YOUR OBJECTIVE ▸
Beginning with the line that includes "Situaciones 4. Matemáticas. (NUEVOS)" and ending with the last line, print the records exactly, leaving every picture out.
Segment Start: DATA
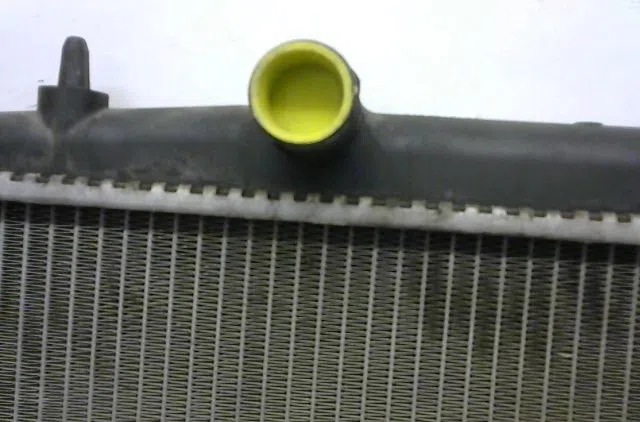 Radiateur Citroën C5 I (DC_) 2.0 16v (dcrfnc, dcrfnf) (2001-2004) occasion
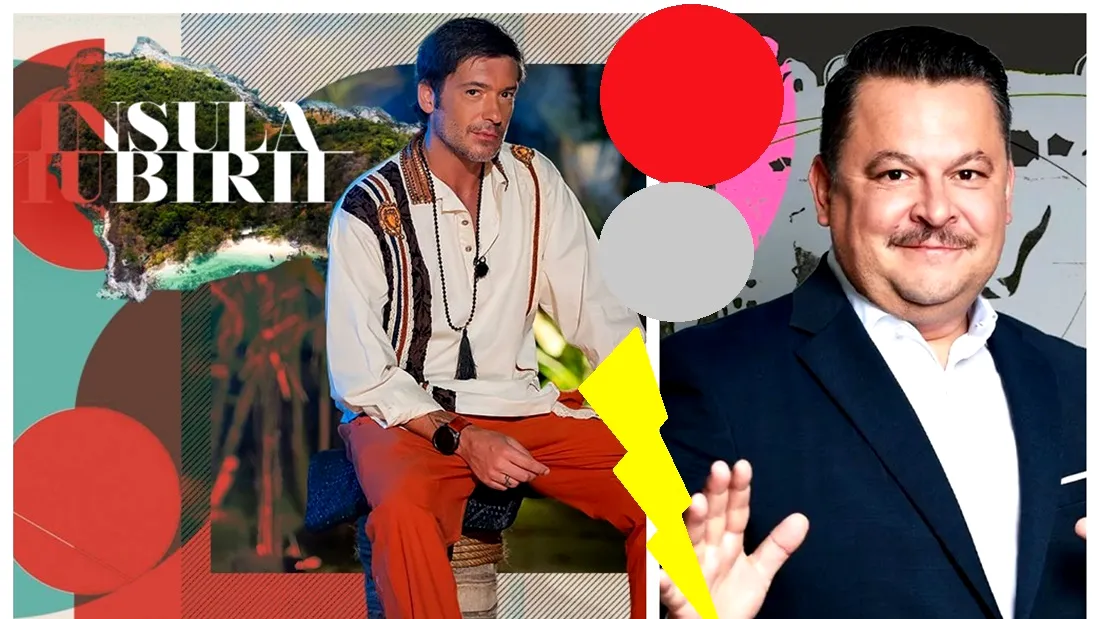 Radu Vâlcan l-a făcut praf pe Bobonete! Nu s-a mai întâmplat asta în istoria televiziunii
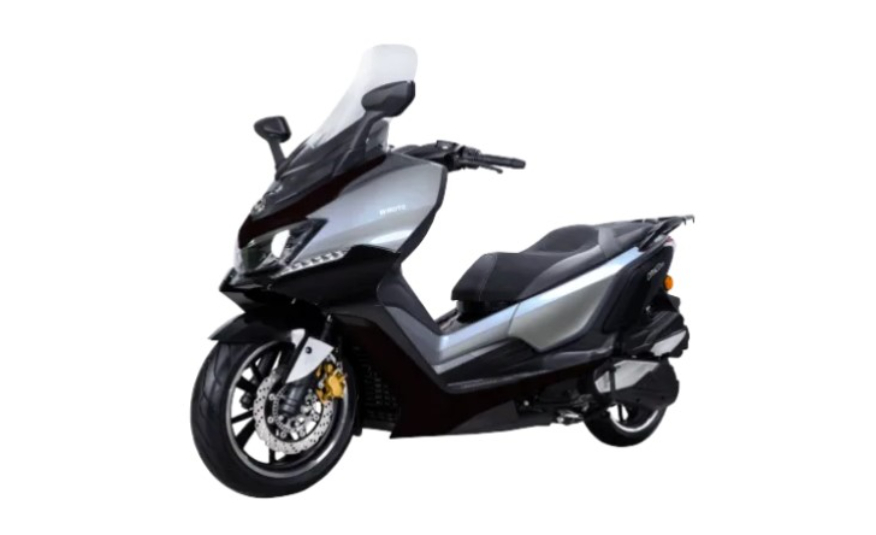 WMoto Draco 250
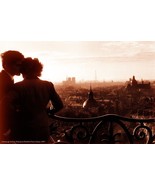 Vintage Photograph – Scenic View #19 Paris, France (1957) Art Poster 16&quot;... - $548.73 MXN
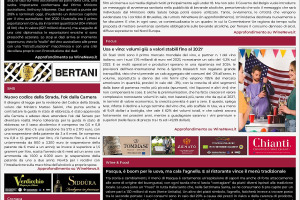 La Prima di WineNews - 3.927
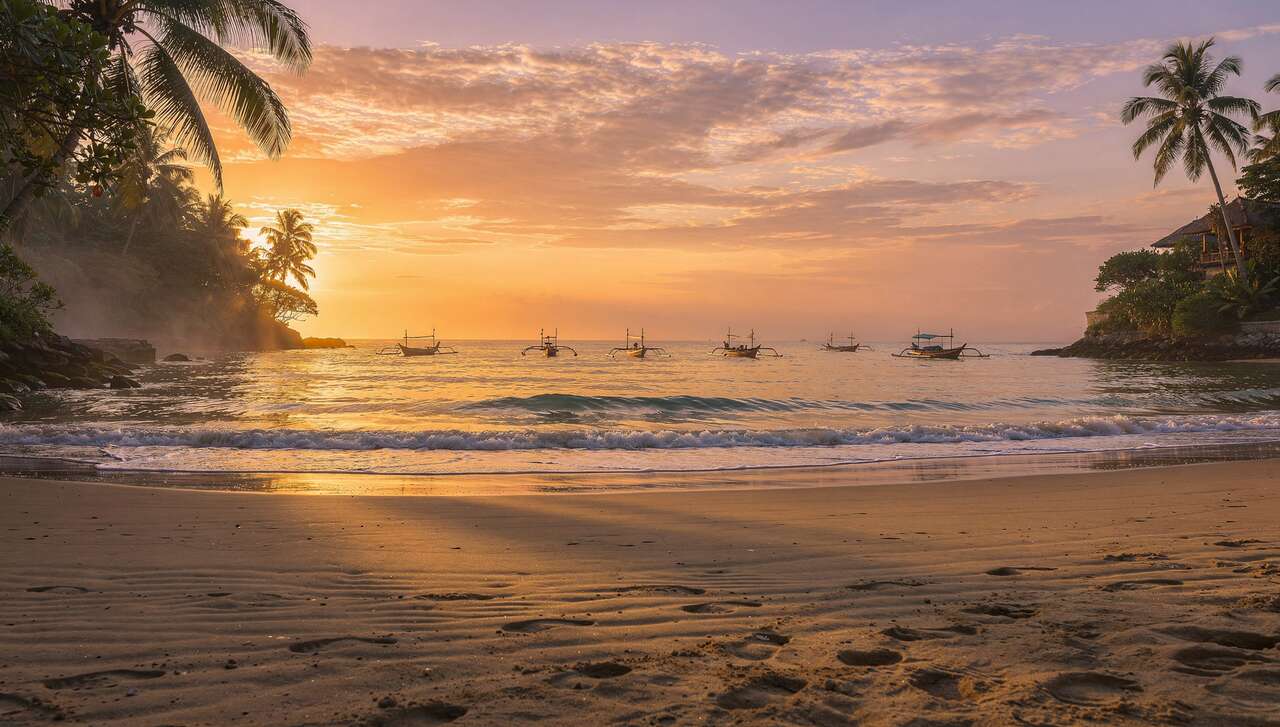 D&eacute;couverte des plus belles plages de bali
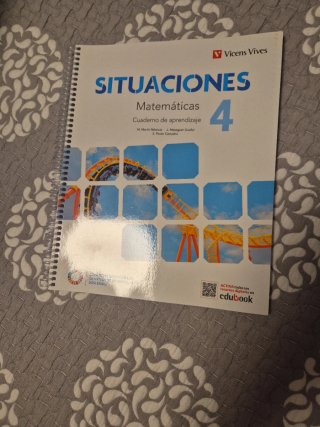 Situaciones 4. Matemáticas. (NUEVOS)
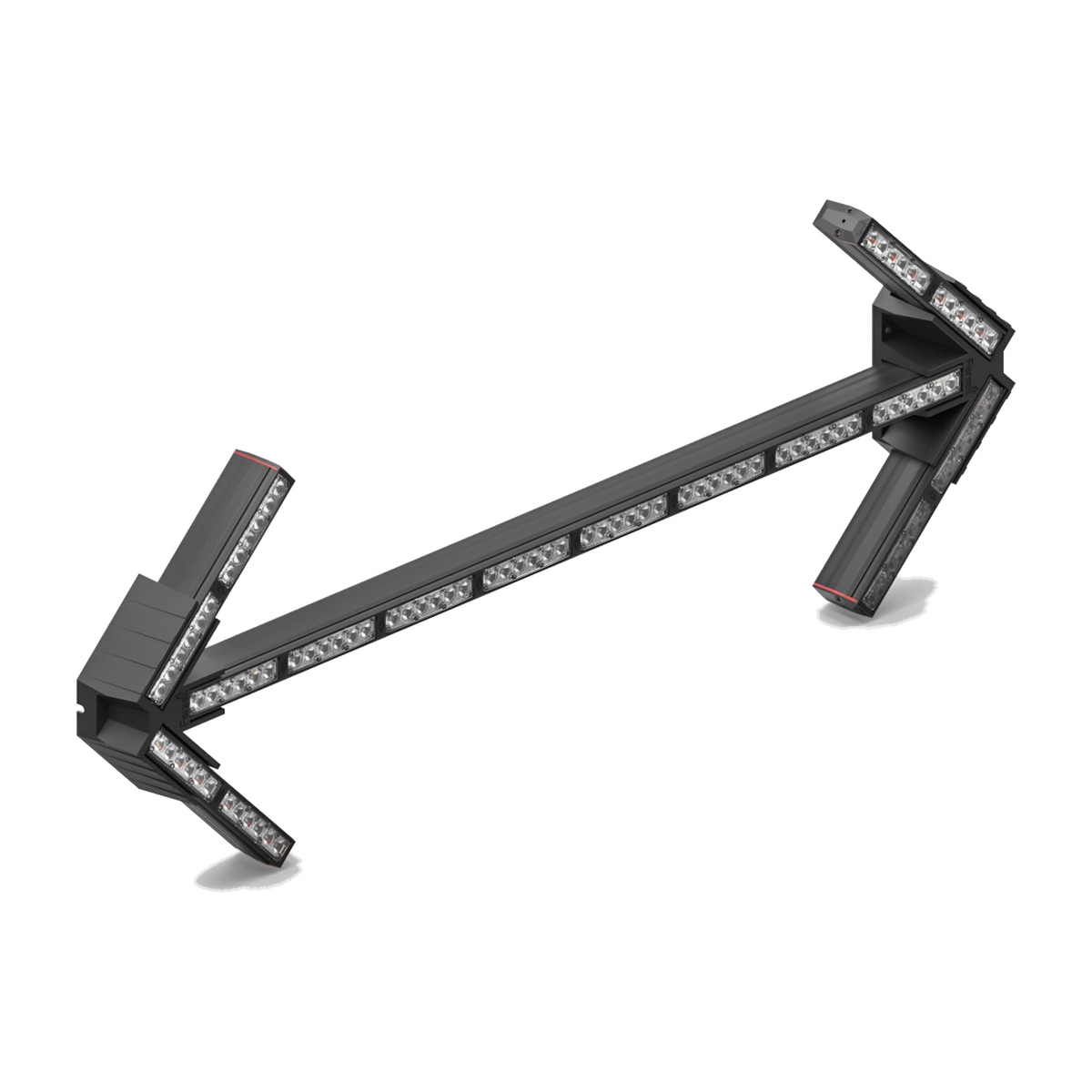 Feniex Fusion Arrow angled view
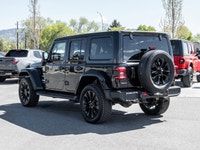 Plug-In Hybrid - 4x4 - Removable Roof - Backup Camera The 2021 Jeep Wrangler 4xe Unlimited Sahara co... (image 6)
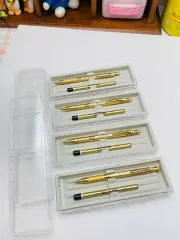 イベント 4点まとめ特価) モナミ MP5003 ゴールド 製図 シャープペンシル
Segment End: DATA
ANSWER BELOW ▸
 Situaciones 4. Matemáticas. (NUEVOS)
 Feniex Fusion Arrow angled view
 Plug-In Hybrid - 4x4 - Removable Roof - Backup Camera The 2021 Jeep Wrangler 4xe Unlimited Sahara co... (image 6)
 イベント 4点まとめ特価) モナミ MP5003 ゴールド 製図 シャープペンシル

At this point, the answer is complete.